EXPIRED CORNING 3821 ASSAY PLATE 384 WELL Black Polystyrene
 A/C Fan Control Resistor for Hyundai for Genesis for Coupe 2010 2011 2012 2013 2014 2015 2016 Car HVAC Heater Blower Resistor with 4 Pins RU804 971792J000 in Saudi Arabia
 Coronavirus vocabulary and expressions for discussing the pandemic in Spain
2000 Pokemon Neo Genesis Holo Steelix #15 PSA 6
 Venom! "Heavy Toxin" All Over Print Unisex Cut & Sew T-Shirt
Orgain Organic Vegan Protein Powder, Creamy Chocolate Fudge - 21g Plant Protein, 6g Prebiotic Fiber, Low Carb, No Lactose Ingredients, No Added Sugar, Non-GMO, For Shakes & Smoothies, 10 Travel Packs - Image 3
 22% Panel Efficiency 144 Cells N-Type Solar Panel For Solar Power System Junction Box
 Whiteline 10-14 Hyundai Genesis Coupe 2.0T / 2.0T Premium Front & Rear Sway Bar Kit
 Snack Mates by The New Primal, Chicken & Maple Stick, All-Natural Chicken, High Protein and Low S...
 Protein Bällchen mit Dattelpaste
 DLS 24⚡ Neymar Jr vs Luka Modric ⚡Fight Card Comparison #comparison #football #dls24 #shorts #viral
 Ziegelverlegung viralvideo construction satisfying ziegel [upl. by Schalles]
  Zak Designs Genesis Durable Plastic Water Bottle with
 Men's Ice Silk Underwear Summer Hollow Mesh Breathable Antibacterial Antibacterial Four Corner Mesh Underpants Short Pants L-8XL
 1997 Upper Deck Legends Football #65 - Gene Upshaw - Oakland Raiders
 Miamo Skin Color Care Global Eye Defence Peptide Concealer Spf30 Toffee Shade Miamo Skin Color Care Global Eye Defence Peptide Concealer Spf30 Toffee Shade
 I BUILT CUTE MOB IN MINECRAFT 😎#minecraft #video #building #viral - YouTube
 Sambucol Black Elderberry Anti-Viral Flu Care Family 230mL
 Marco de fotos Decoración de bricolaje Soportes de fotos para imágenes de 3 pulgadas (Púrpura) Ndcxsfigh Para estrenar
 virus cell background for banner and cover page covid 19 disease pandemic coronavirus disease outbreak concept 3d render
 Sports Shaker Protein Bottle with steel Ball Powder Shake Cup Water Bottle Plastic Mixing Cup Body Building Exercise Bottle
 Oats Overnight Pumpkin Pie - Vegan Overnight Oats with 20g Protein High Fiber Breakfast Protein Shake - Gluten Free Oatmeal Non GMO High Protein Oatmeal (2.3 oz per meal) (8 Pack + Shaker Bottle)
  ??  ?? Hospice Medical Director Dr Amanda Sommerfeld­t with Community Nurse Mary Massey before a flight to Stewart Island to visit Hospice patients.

=== WHAT IS REQUIRED ===
Starting at the line with "DLS 24⚡ Neymar", copy every line down to the last one above, exactly as written and with nothing else.

=== RESPONSE ===
 DLS 24⚡ Neymar Jr vs Luka Modric ⚡Fight Card Comparison #comparison #football #dls24 #shorts #viral
 Ziegelverlegung viralvideo construction satisfying ziegel [upl. by Schalles]
  Zak Designs Genesis Durable Plastic Water Bottle with
 Men's Ice Silk Underwear Summer Hollow Mesh Breathable Antibacterial Antibacterial Four Corner Mesh Underpants Short Pants L-8XL
 1997 Upper Deck Legends Football #65 - Gene Upshaw - Oakland Raiders
 Miamo Skin Color Care Global Eye Defence Peptide Concealer Spf30 Toffee Shade Miamo Skin Color Care Global Eye Defence Peptide Concealer Spf30 Toffee Shade
 I BUILT CUTE MOB IN MINECRAFT 😎#minecraft #video #building #viral - YouTube
 Sambucol Black Elderberry Anti-Viral Flu Care Family 230mL
 Marco de fotos Decoración de bricolaje Soportes de fotos para imágenes de 3 pulgadas (Púrpura) Ndcxsfigh Para estrenar
 virus cell background for banner and cover page covid 19 disease pandemic coronavirus disease outbreak concept 3d render
 Sports Shaker Protein Bottle with steel Ball Powder Shake Cup Water Bottle Plastic Mixing Cup Body Building Exercise Bottle
 Oats Overnight Pumpkin Pie - Vegan Overnight Oats with 20g Protein High Fiber Breakfast Protein Shake - Gluten Free Oatmeal Non GMO High Protein Oatmeal (2.3 oz per meal) (8 Pack + Shaker Bottle)
  ??  ?? Hospice Medical Director Dr Amanda Sommerfeld­t with Community Nurse Mary Massey before a flight to Stewart Island to visit Hospice patients.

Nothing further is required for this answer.